Table of Contents

  • Introduction
  • Administrator
    · Introduction
    · Directories
    · Installing
    · Configuring
    · New profile wizard
    · Unleash the crawler
    · Logs
    · Advanced profile configuration
  • User
  • Appendix
  • Unleash the crawler
    Select the Crawlers tab at the top of the page to enter the Crawler Control page. From this page, you can start and stop crawlers, and view their current status. First on the page is a list of crawlers ready to start, below this is the list of active crawlers.

    • At this point your test profile should be in the list of ready crawlers. Select Launch Now to start a crawler.

    • Now, your profile should appear in the list of "Active Crawlers" with the status "starting up". Click Reload on your browser to update this information.

    • After a while (Click Reload a few times, every few seconds) the status of your crawler will change to "Running!" and another few options will appear.
      If this does not happen within a few seconds, something has probably gone wrong. The most likely cause is that Pike failed to start. Check:

      • That you have specified the correct Engine home location path in the Intraseek Module Configuration.

      • Challenger's log (logs/debug/default.1), for any hints about what went wrong.

      If you find the error, click Zap! to return the crawler to the "Ready to launch" list.

    • If all went well, the crawler is now running. You can select either View status to see a summary of the progress, or View log to see a more verbose log.

      • If you select Zap!, the crawler will be killed by force, and the entire data gathering aborted. The crawler will then be "Ready to launch" again, and none of the information gathered will be used. (The temporary files will also be deleted)

      • If you select Halt! the crawler will instead be stopped. It will then save all its information to the data bases, and also save a freeze-file (ID.scheduler_freeze.is) so that the data-gathering can be continued. It will say "Halting... (saving)" in the status box, and then "Halted" when everything has been saved.

    Afterwards
    When the crawler has finished running, and indexed all the available web pages, two data bases with the names "n.ID.pages.yabu" and "n.ID.index.yabu", and a flag-file "ID.new.flag" will have been created. (where ID is the name of the profile)

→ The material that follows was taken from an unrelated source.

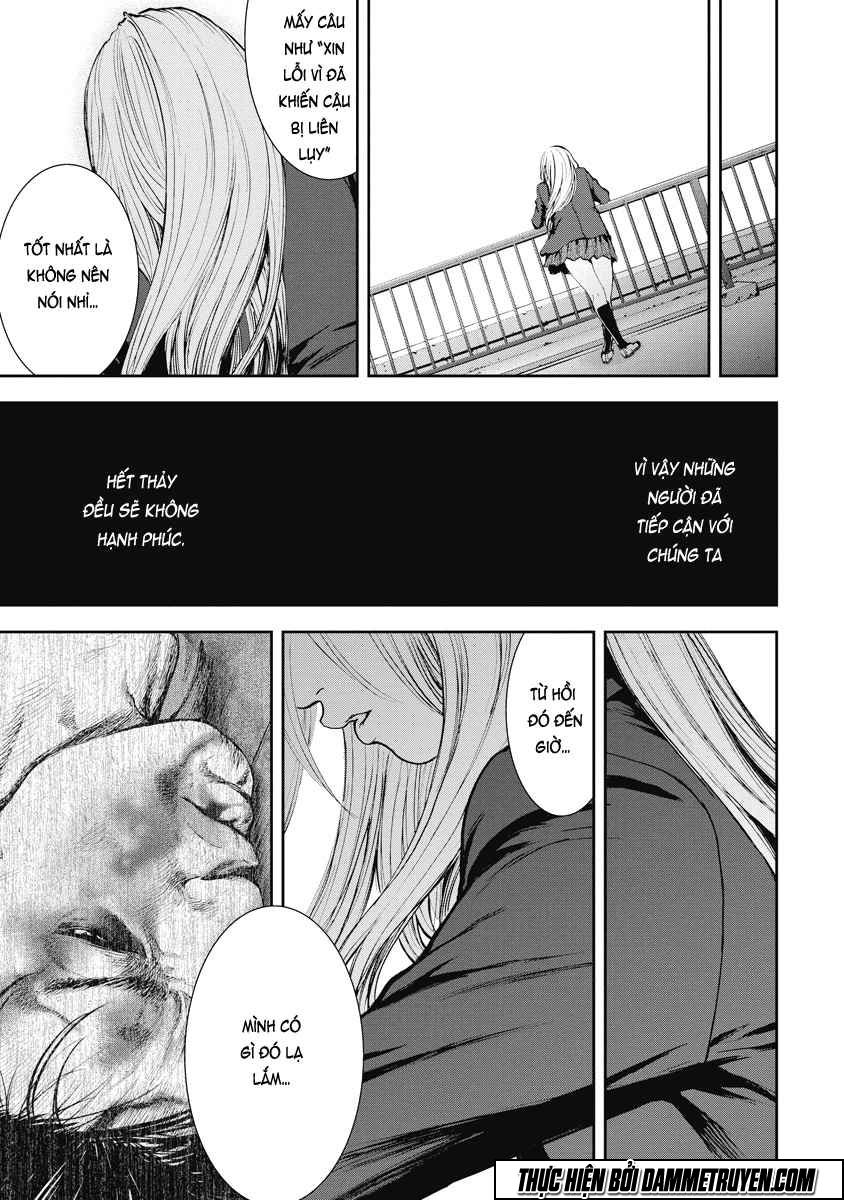 Gift ± Chapter 25 - 20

    These will be renamed to "a.ID.index.yabu" and "a.ID.pages.yabu" when the search engine finds the flag-file whereupon the flag-file will be deleted and the new data bases used.

    More information on these is to be found in the Storage of Data Bases chapter of the technical documentation.

    You will notice a slight pause the first time you use the new data base. The reason for this is that the IntraSeek module replaces the old data base files with the new ones. This delay can last anywhere from seconds to minutes depending on file system speed and data base size.

    Logs have been generated as well. Select the Logs tab in the configuration interface to see these. The main crawler log tells you how different crawlers have been started and stopped. This log can be cleared by selecting Delete the main log.